Gravity isn’t very powerful for minimising distance between sources of mass, but it is very powerful for “making mass move in straight lines through curved spacetime”[1]. For any process at all, you just look at “whatever it actually ends up doing”, and then say that was its optimisation target all along, and hey presto, it turns out there are superpowerful optimisation processes everywhere you look, all being hugely successful at making things turn out how (you think) they wanted, provided you think they wanted things the way they actually turned out. If you get to choose your own interpretation of what the optimisation target is, ‘optimisation process’ doesn’t seem like a very useful notion at all.

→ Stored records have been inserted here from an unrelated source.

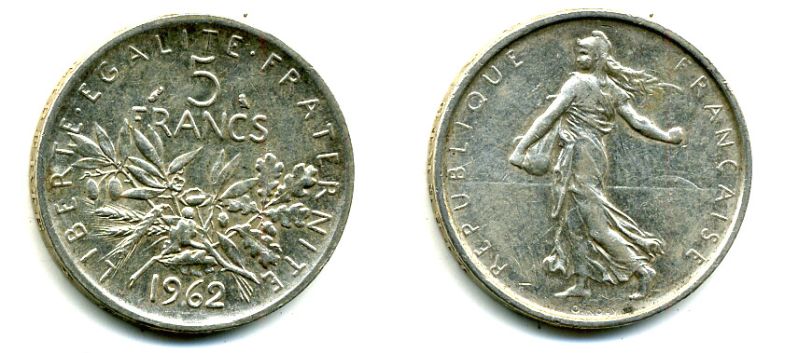 Франция 5 франков 1962 сеятель KM 926, LE FRANC 340.6 серебро 37-932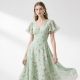 Mint Green Floral Maxi Dress: V-Neck &amp; Flutter Sleeves for Summer Events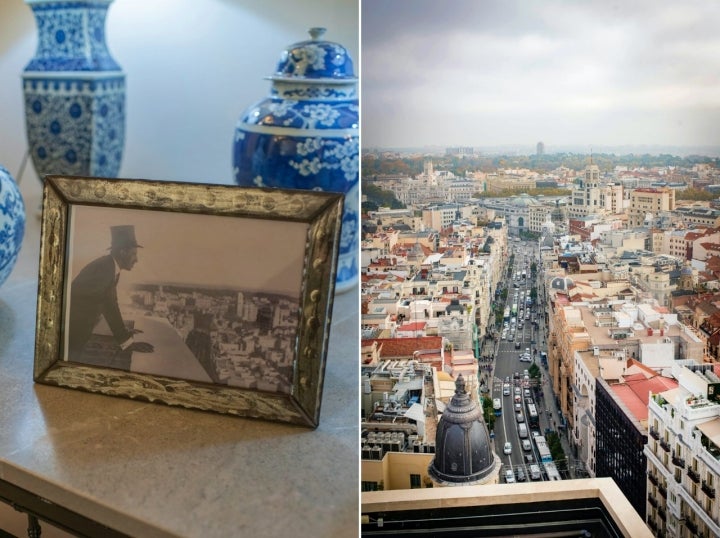 Retrato del rey Alfonso XIII asomado desde la Telefónica y vistas de la Gran Vía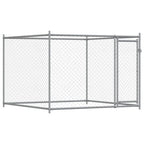Jaula de perros con puerta acero galvanizado gris 12x2x1,5 m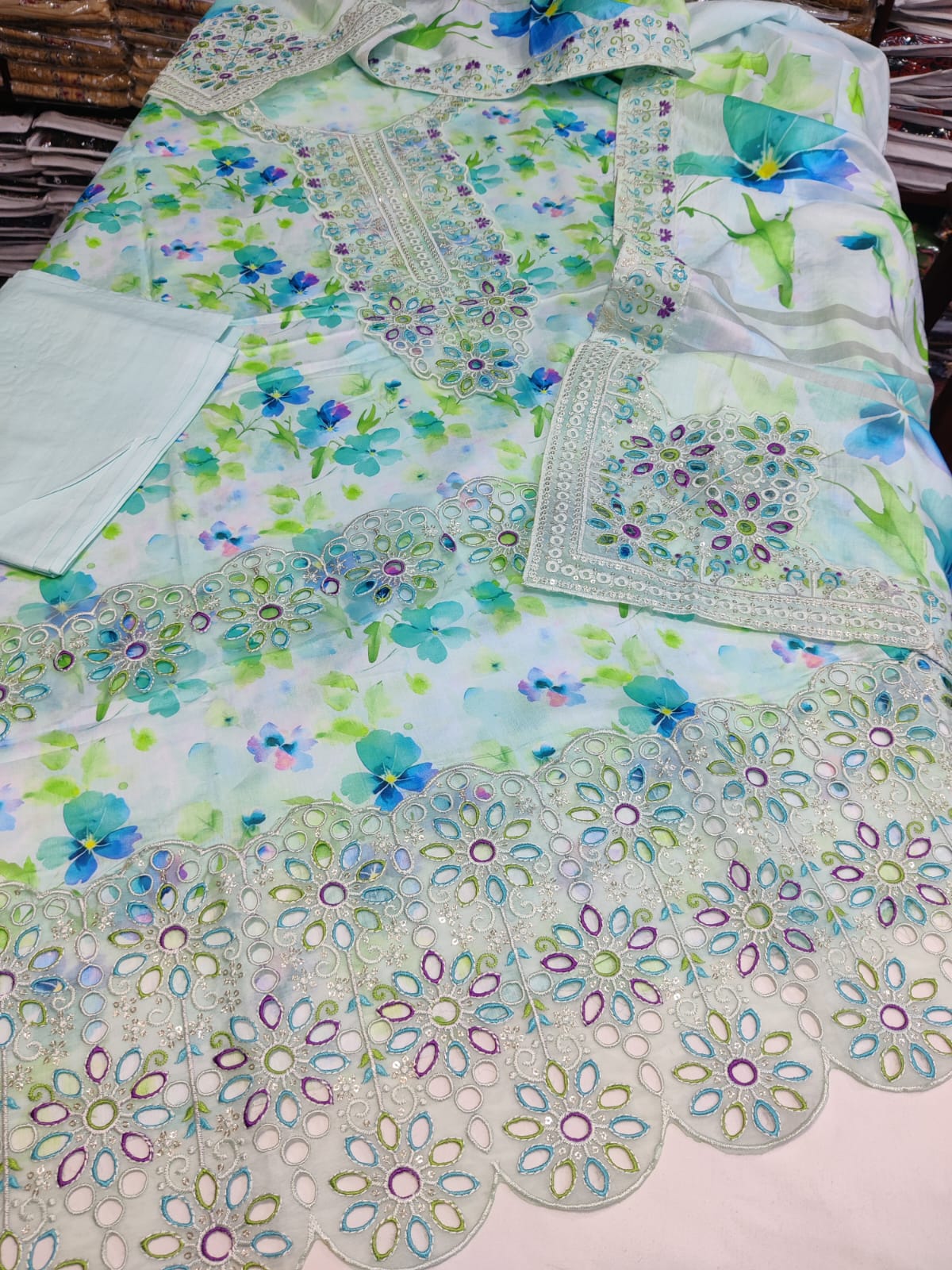 Danish Cloth Agha 3D Ice Lawn fabric, new textured textile with intricate pattern, suitable for fashion and home decor projects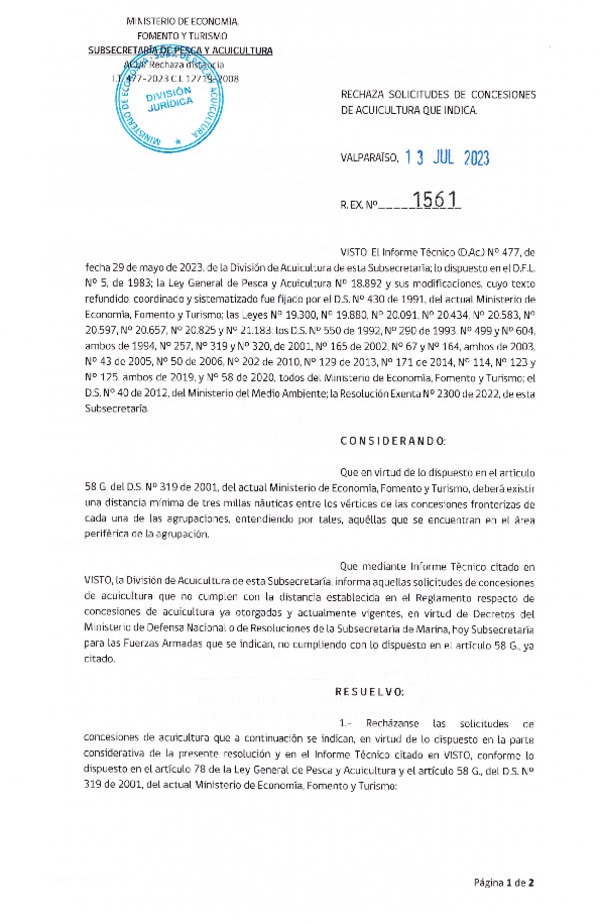 Res. Ex. N° 1561-2023 Rechaza solicitudes de concesiones de acuicultura que indica.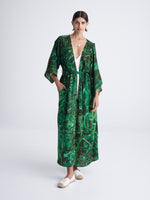 EMERALD DIVE maxi kimono with double shoulders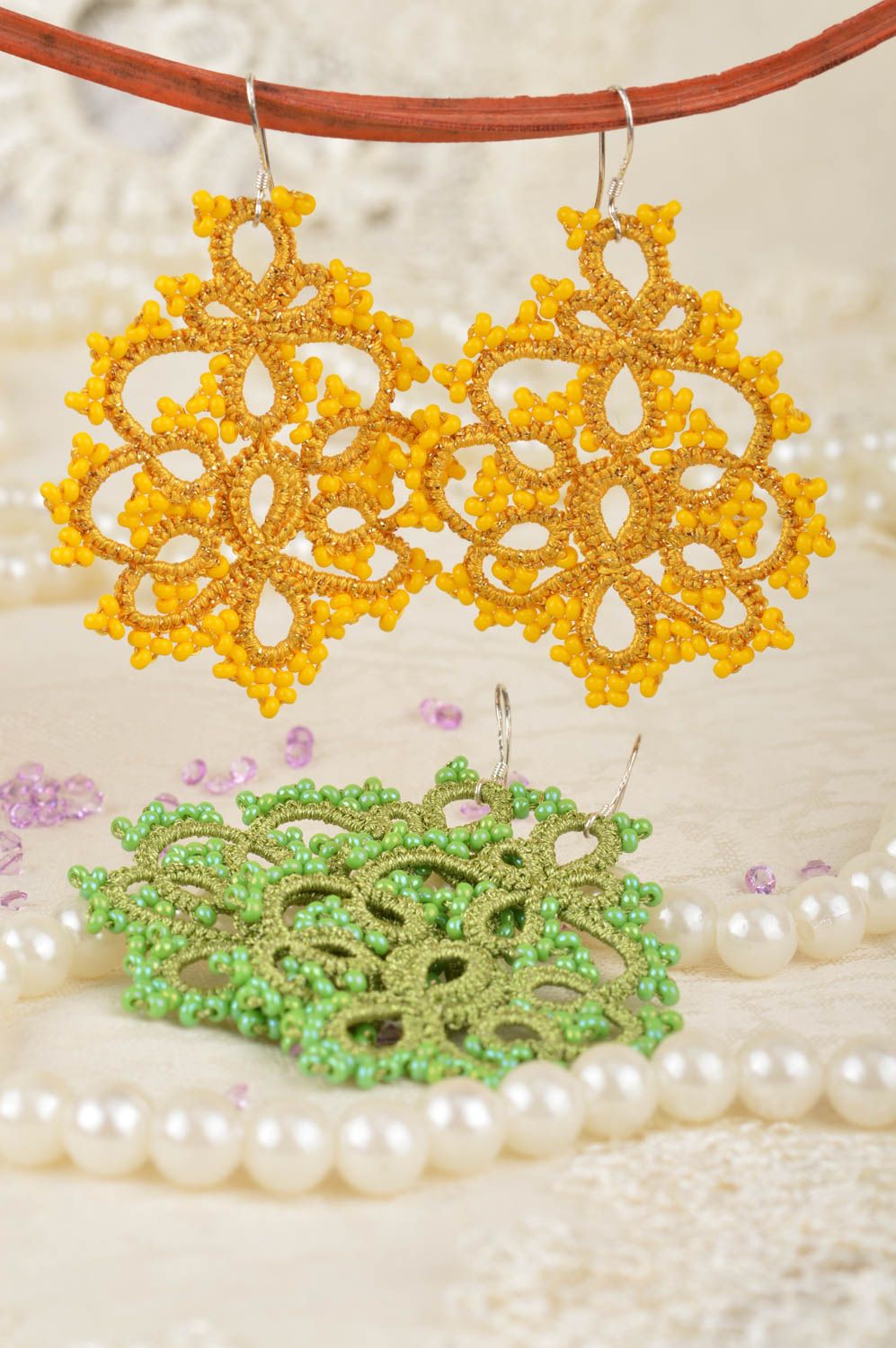 Set of 2 pairs of handmade designer lace drop tatted earrings yellow and green photo 3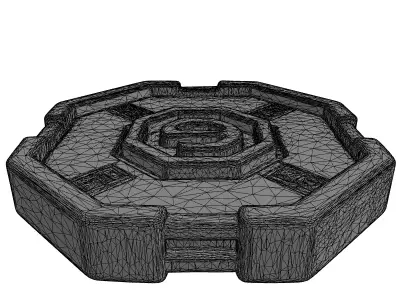 SciFi Octagonal Token Number 9 Low-poly 3D model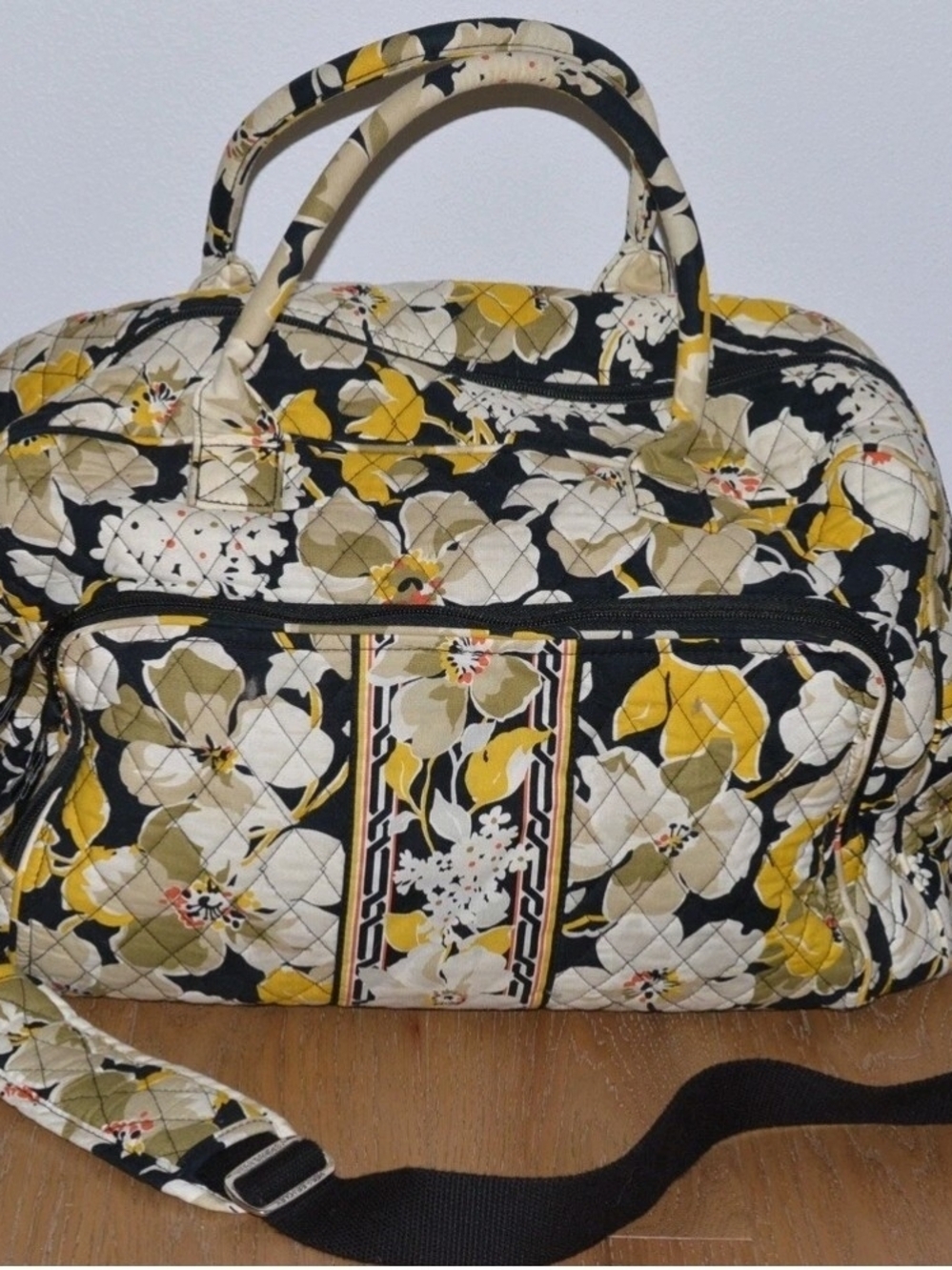 Quilted Floral Travel Tote Bag in Black, Yellow & Cream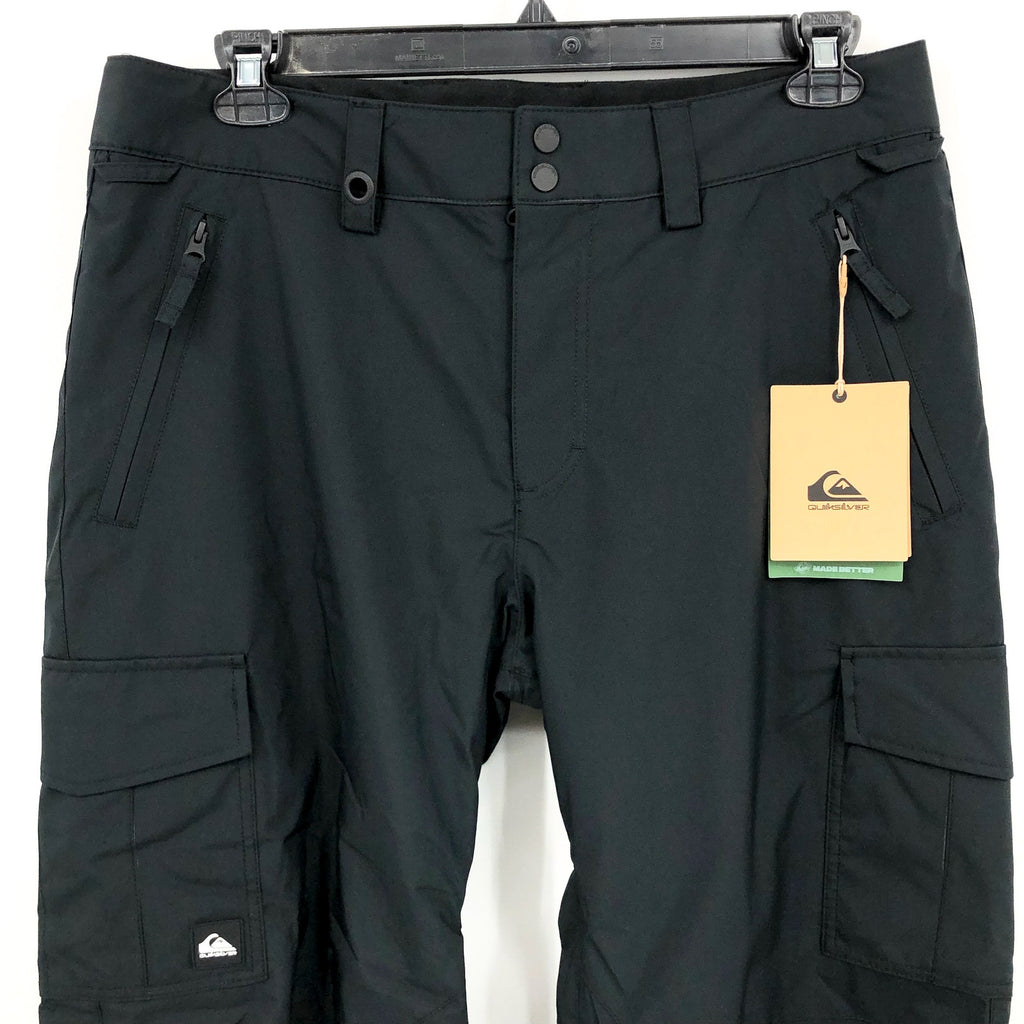 QUICKSILVER Men's Porter Snow Pants Large Black Waterproof Outdoor NWT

Also, re: value independence: Evolution seems like a pretty definite candidate for what we want ‘optimisation process’ to mean, but its values seem to be pretty inextricably baked in to the algorithm. You can’t reprogram evolution to start optimising for paperclips, for example. It only optimises for whatever genes are selectively favoured by the environment.
[1] insert a more accurate description of what gravity does here if required.
Yes, I agree that on this account every process is technically speaking an optimization process for some target, and I agree that optimization power can only be measured relative to particular target or class of targets.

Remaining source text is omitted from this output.